Comme souvent dans ce genre de crise, c’est l’effet « dent de scie » qui s’observe, avec de fortes chutes suivies de rebonds parfois aussi forts. La difficulté tient au fait d’amortir les grosses baisses de chiffres d’affaires. Mathieu Parent a bien remarqué cette tendance : « À l’approche du déconfinement et au début de l’été, la reprise s’est faite à 200% pour moi, d’autant que je venais de lancer la nouvelle boisson d’effort. Les compétitions avaient encore lieu, il faisait beau et les restrictions étaient levées, j’étais optimiste ! Puis à l’approche de la fin de l’été (compétitions reportées, annulées, rassemblements limités également) la consommation est redescendue de nouveau. »

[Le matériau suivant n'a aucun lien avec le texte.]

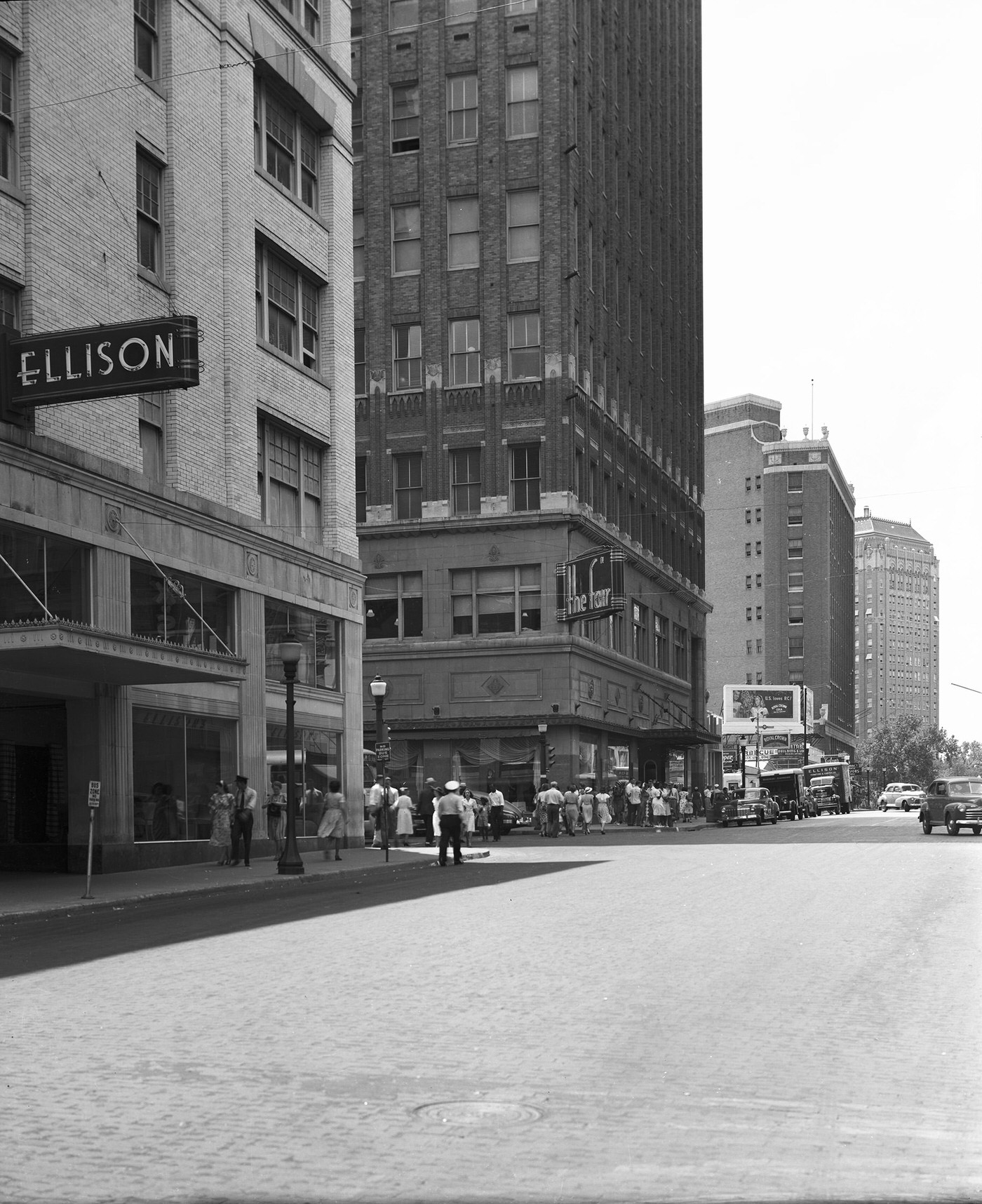 The Fair Department Store with Ellison's Furniture Store in the foreground; 7th Street, downtown Fort Worth, 1947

Même constat chez Pierre Cursan qui a remarqué une grosse chute dès l’approche du second confinement : « Ça a été difficile d’apprendre le reconfinement, car la tendance semblait plutôt positive pour la reprise. Même si l’année avait été de toute façon mauvaise, on aurait pu sauver les meubles avec un bon dernier trimestre. Le reconfinement nous a remis la tête sous l’eau« .

La critique globale ne vise pas les pratiquants : qui consomme une barre ou tout autre produit énergétique pour sa sortie quotidienne d’une heure dans le kilomètre réglementaire ? Personne ou presque, et cela est bien logique. La multiplication des projets « off » cet été a profité au secteur, mais cela n’est pas venu compenser la raréfaction des compétitions.

Se diversifier, pour résister

Disons-le, il sera difficile pour beaucoup de ces acteurs de résister à la tempête. Mais plutôt que d’attendre le retour hypothétique des événements qui leur permettrait de rebondir une nouvelle fois, certains d’entre eux cherchent à se diversifier. C’est le cas de Pierre Cursan qui explique : « Je vends mes purées de légume dans des magasins de sport aujourd’hui, mais étant donné la typologie du produit, il pourrait être intéressant de toucher un public plus large en étant commercialisé dans les magasins bio (les purées 4 Ultra sont bio et conçues à partir de légumes français)« .

Diversification dit aussi innovation, c’est en tout cas le chemin qu’a choisi Mathieu Parent : « C’est vraiment l’idée de Fasteur de proposer des produits innovants et écouter le retour des clients pour garder vraiment ce qui est le plus apprécié. » Le succès de sa boisson isotonique au sortir du premier confinement a montré l’intérêt d’être en perpétuel mouvement.

Fasteur boisson isothonique
La nouvelle boisson isotonique de Fasteur – © Fasteur.cc

Finalement, nos deux interlocuteurs se rejoignent sur l’avantage des petites structures dans leur situation. « Je loue les locaux et les machines pour produire au coup par coup, cela me permet d’être extrêmement flexible et c’est sans doute ce qui m’a sauvé jusqu’ici » rappelle Pierre Cursan. 

On espère que tous ces acteurs arriveront à garder le cap, en attendant une mer plus calme…

2 Commentaires

  1. Merci Simon pour ce constat édifiant, effectivement nous partageons tous la même galère. La situation en Belgique est identique. Pour des start-ups qui n’ont encore aucune visibilité, le résultat est dramatique. Mais ce n’est pas tout. Nos partenaires sportifs, les clubs et salles de sport, les fournisseurs de biens et services sportifs, souffrent terriblement de cette politique injuste. Alors que le sport est bénéfique pour la santé et le mental, nous sommes tous impacté. Nous pouvons tous agir, que nous soyons colibri, influenceurs ou médias sportifs. Mais il faut agir, vite et maintenant. Puis-je vous inviter à élever nos voix et la porter auprès des décideurs. Appelons à la solidarité auprès de la communauté sportive afin qu’ils soutiennent nos activités. Et surtout, portons-nous tous assistance, soyons solidaires, afin de revenir en 2021 plus forts et plus résignés que jamais pour rebondir.